*INPUT MATERIAL*
+ + + + +

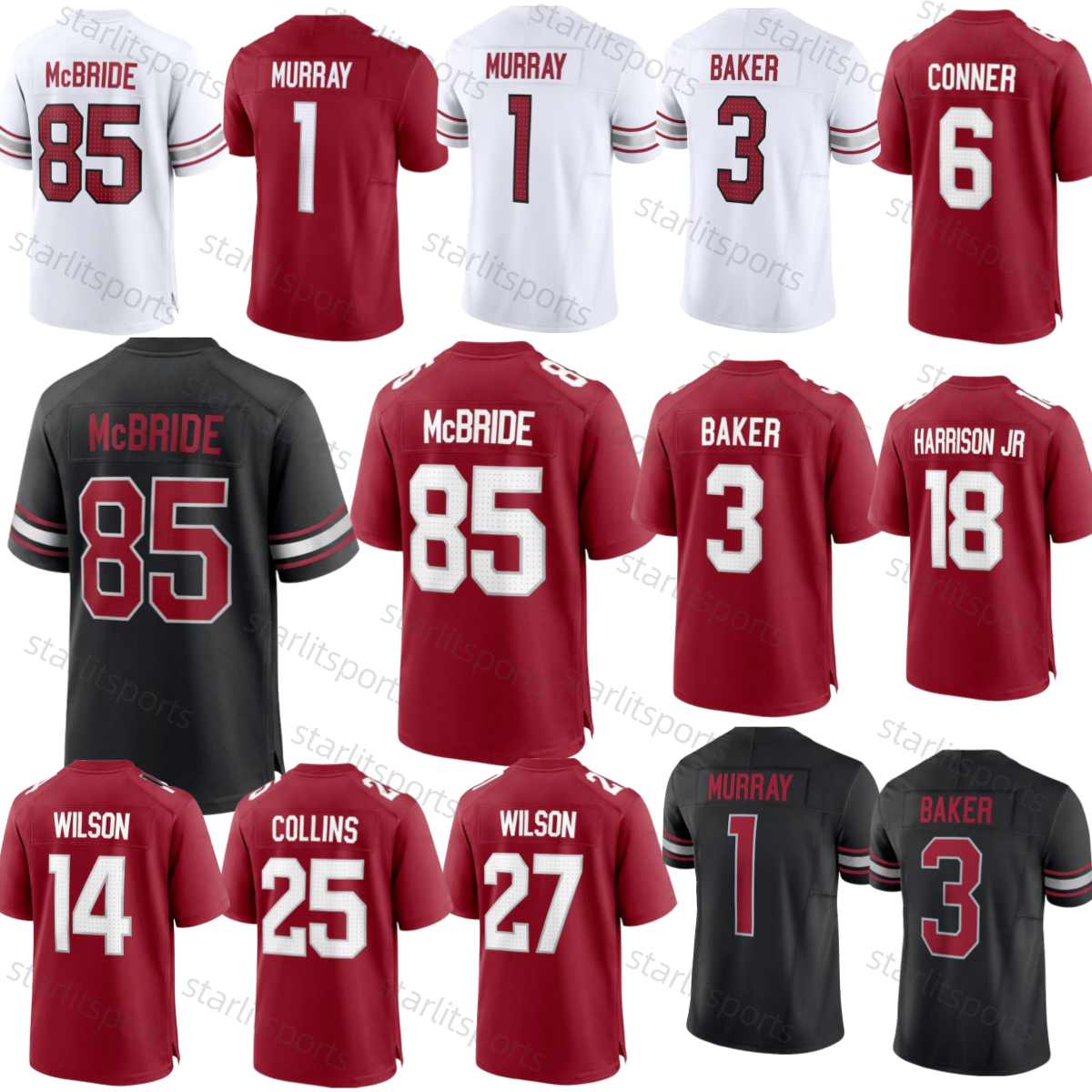 Trey McBride Harrison Jr. Budda Baker Kyler Murray Divaad Wilson Conner Personalized Custom Football Jersey Custom Any Number Name Stitched For Mens Women Youth wear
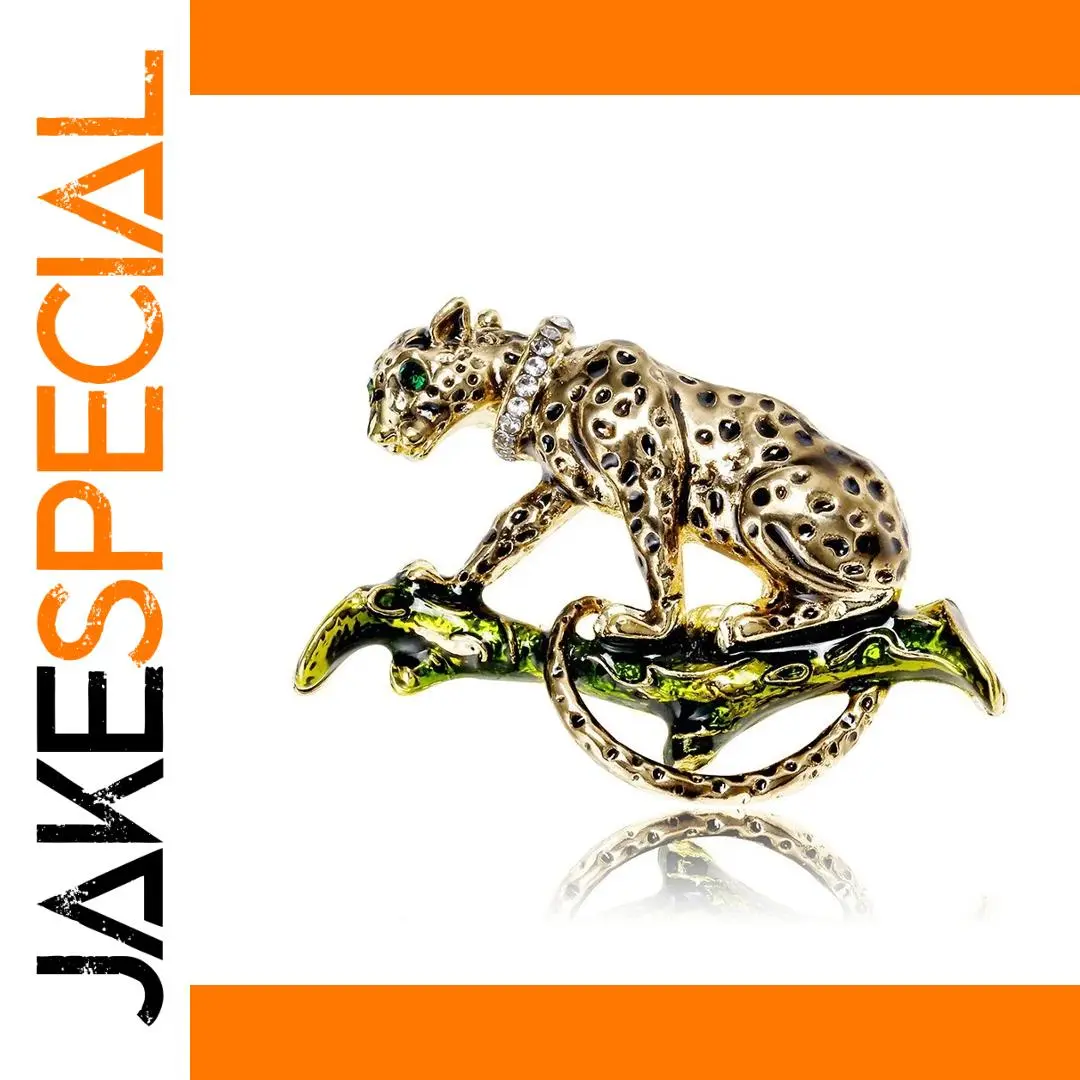 Vintage Leopard Brooch with Green Eyes 1 Vintage Leopard Brooch with Green Eyes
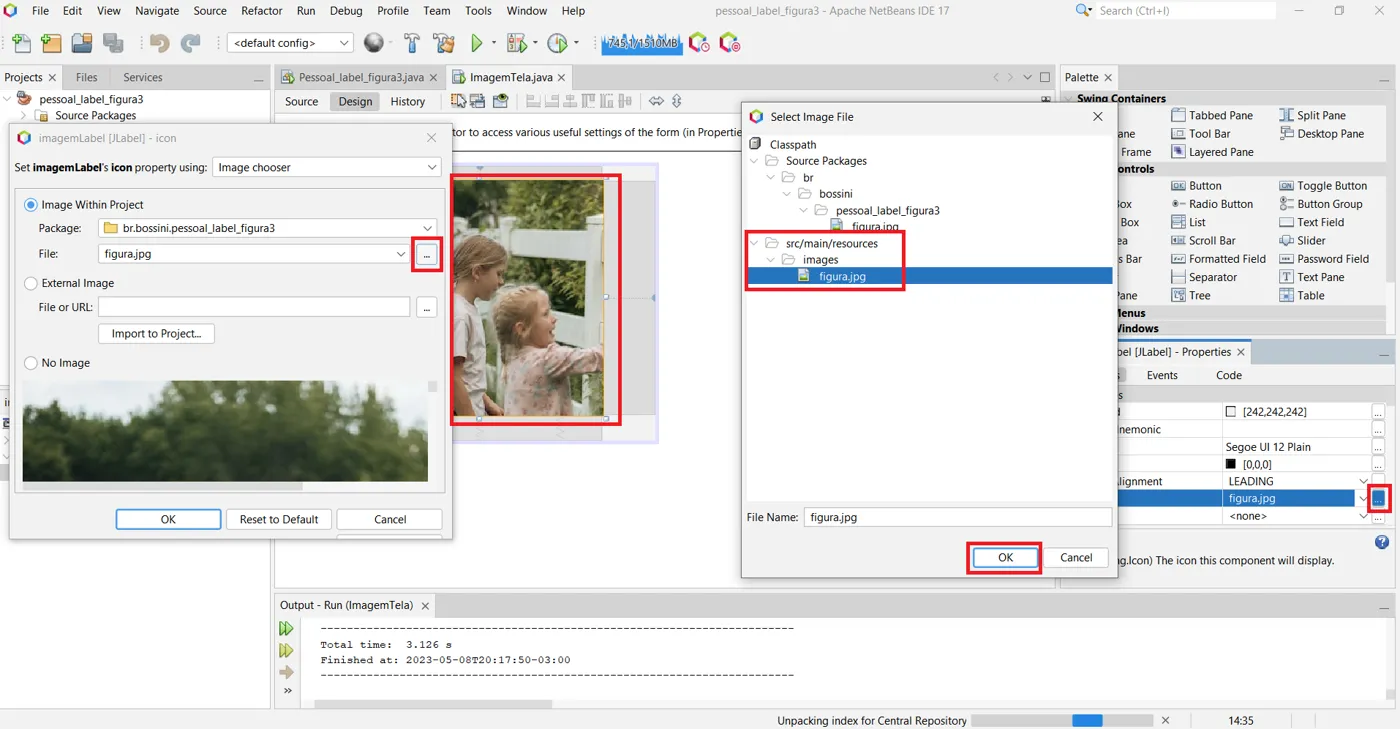 NetBeans exibindo a figura no JLabel e o diálogo de seleção de arquivo com src/main/resources/images/figura.jpg selecionado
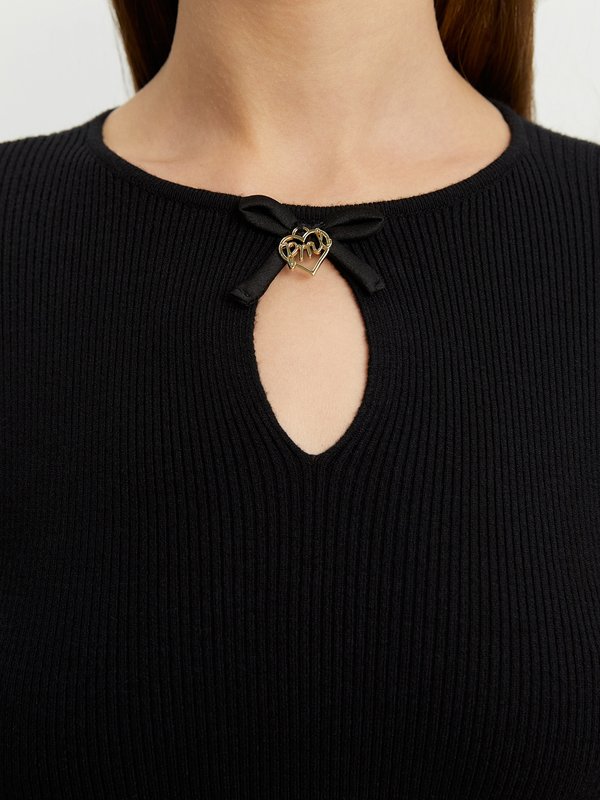 Pomelo Pomelo Bow Cut Out Knit Top - Black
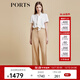 PORTS寶姿商場(chǎng)同款2022春夏新款女裝“卡其棕腰帶裝飾”直筒褲 鹿茸棕 S (4)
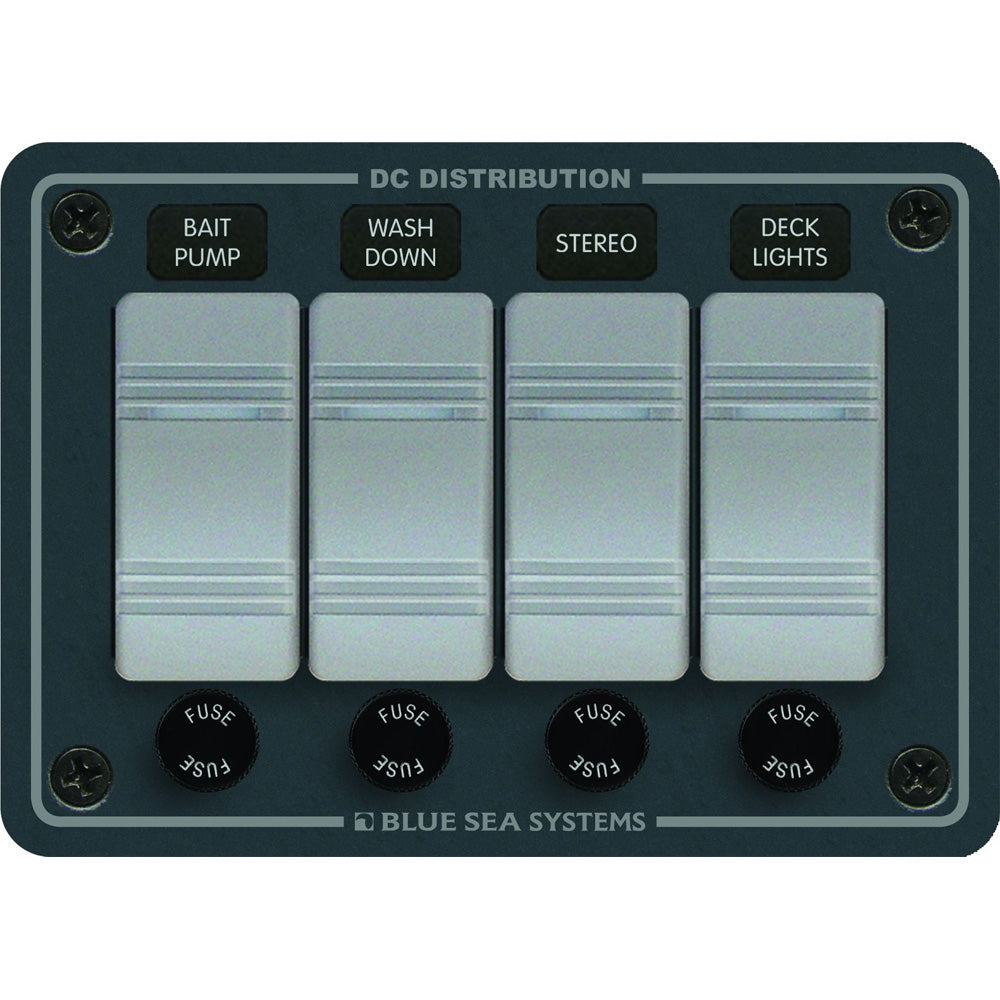 Blue Sea Systems 8262 Waterproof 4-Position Panel with Contura Switches and Slate Grey Finish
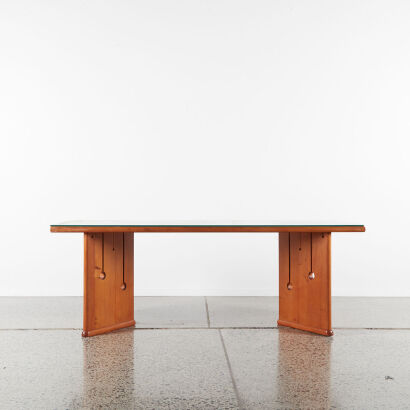 A Reclaimed Timber Coffee Table with Glass Top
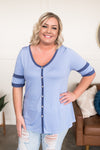 Retro Vibes Button Top in Monochromatic Blue - Maple Row Boutique 
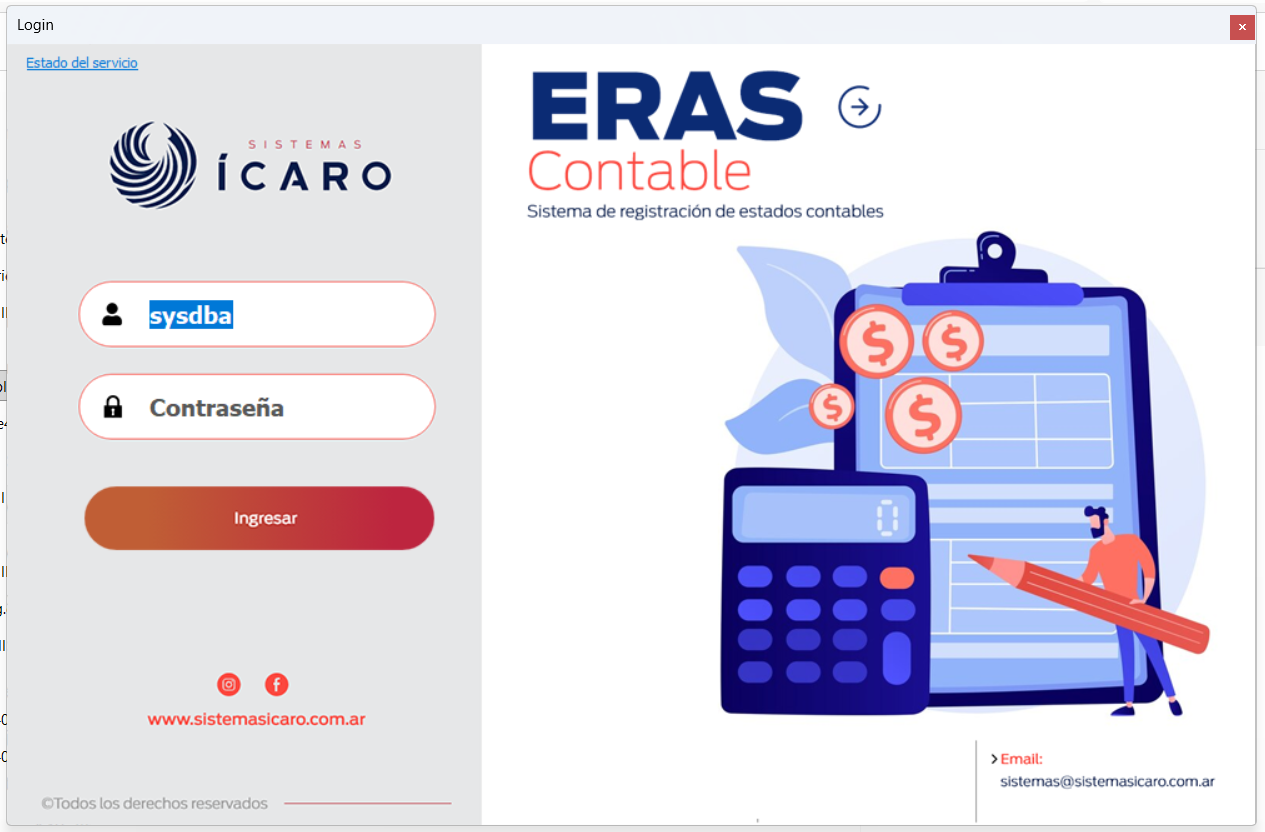 Pantalla de acceso de ERAS Contable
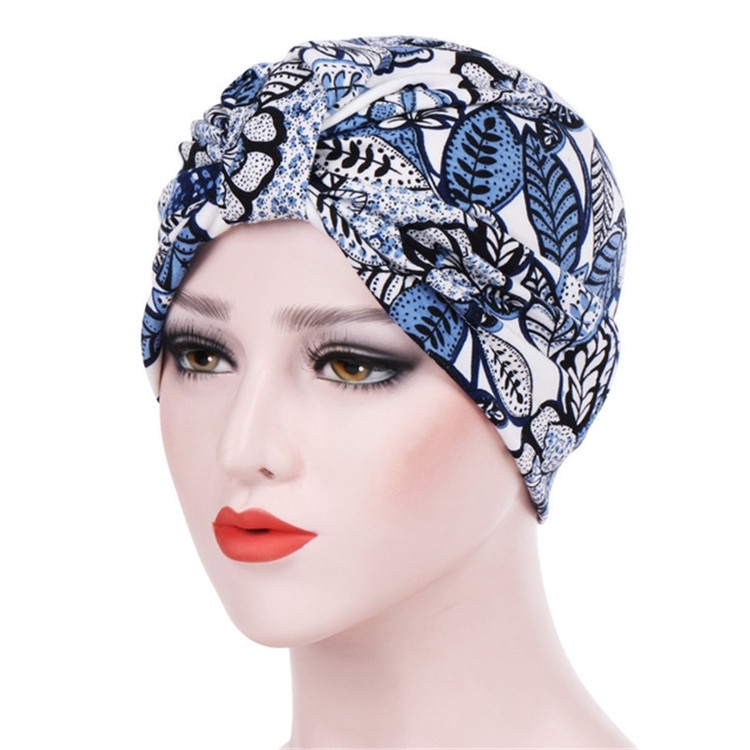 Vrouwen Floral Cotton Turban Hat Wrap Cap Maat: M(56-58cm)(Blauwe bladeren)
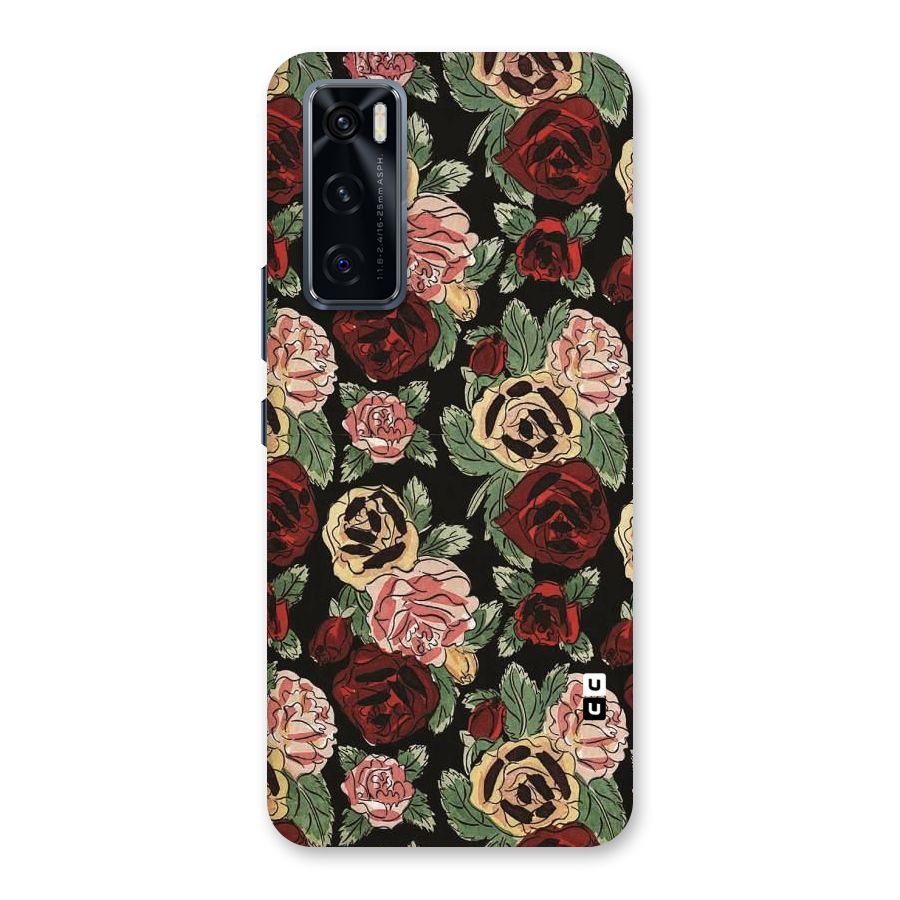 Dark Pastel Flowers Back Case for Vivo V20 SE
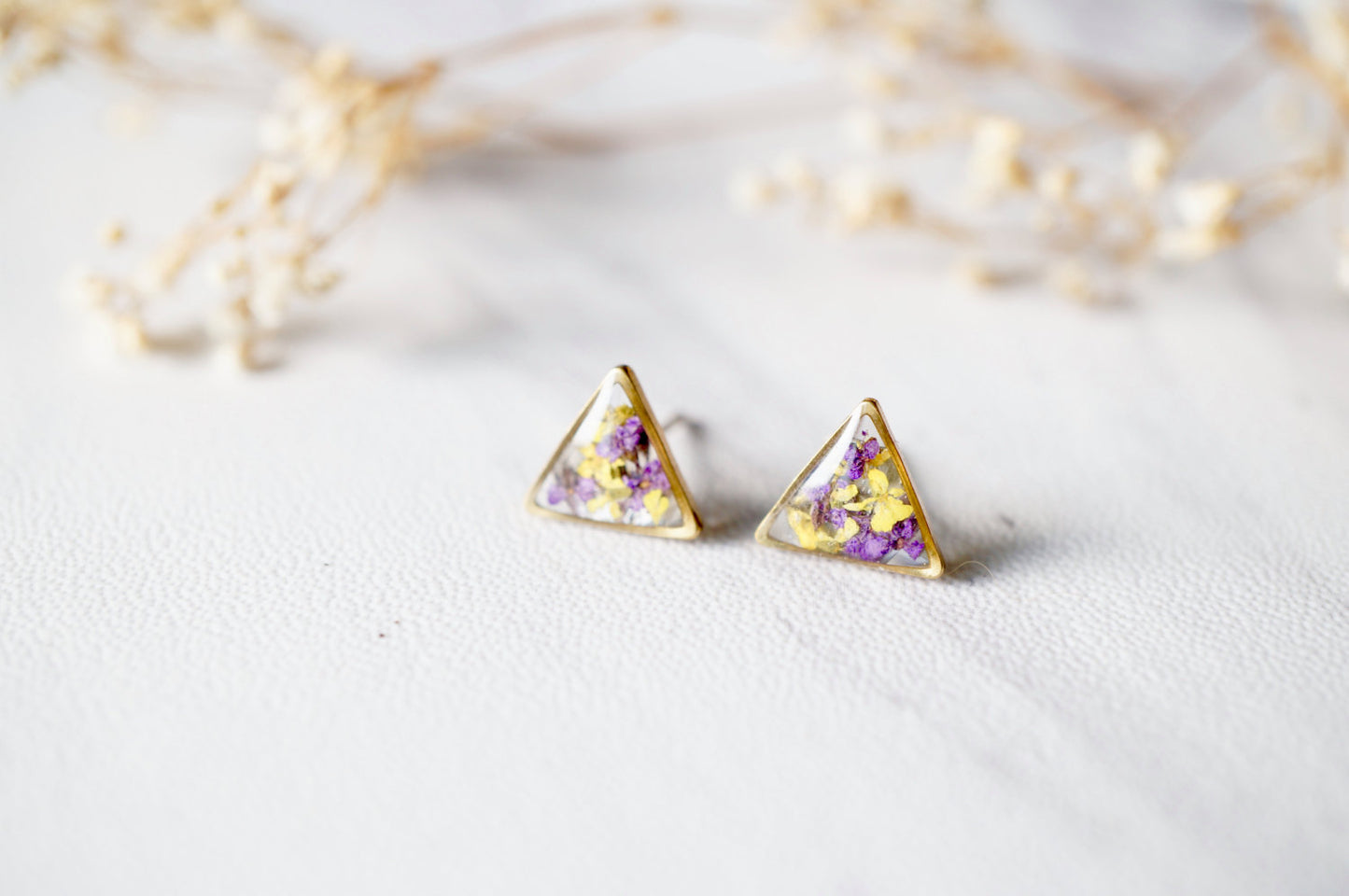 Real Dried Flowers and Resin Stud Earrings in Purple and Yellow Mix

+ + + + +

*THE TASK*
Go through the material above and retype every line exactly, without the images.

*SOLVED EXERCISE*
 Trey McBride Harrison Jr. Budda Baker Kyler Murray Divaad Wilson Conner Personalized Custom Football Jersey Custom Any Number Name Stitched For Mens Women Youth wear
 Vintage Leopard Brooch with Green Eyes 1 Vintage Leopard Brooch with Green Eyes
 NetBeans exibindo a figura no JLabel e o diálogo de seleção de arquivo com src/main/resources/images/figura.jpg selecionado
 Pomelo Pomelo Bow Cut Out Knit Top - Black
 PORTS寶姿商場(chǎng)同款2022春夏新款女裝“卡其棕腰帶裝飾”直筒褲 鹿茸棕 S (4)
 Blue Sea Systems 8262 Waterproof 4-Position Panel with Contura Switches and Slate Grey Finish
 A Reclaimed Timber Coffee Table with Glass Top
 Retro Vibes Button Top in Monochromatic Blue - Maple Row Boutique 
 Pantalla de acceso de ERAS Contable
 Vrouwen Floral Cotton Turban Hat Wrap Cap Maat: M(56-58cm)(Blauwe bladeren)
 Dark Pastel Flowers Back Case for Vivo V20 SE
 Real Dried Flowers and Resin Stud Earrings in Purple and Yellow Mix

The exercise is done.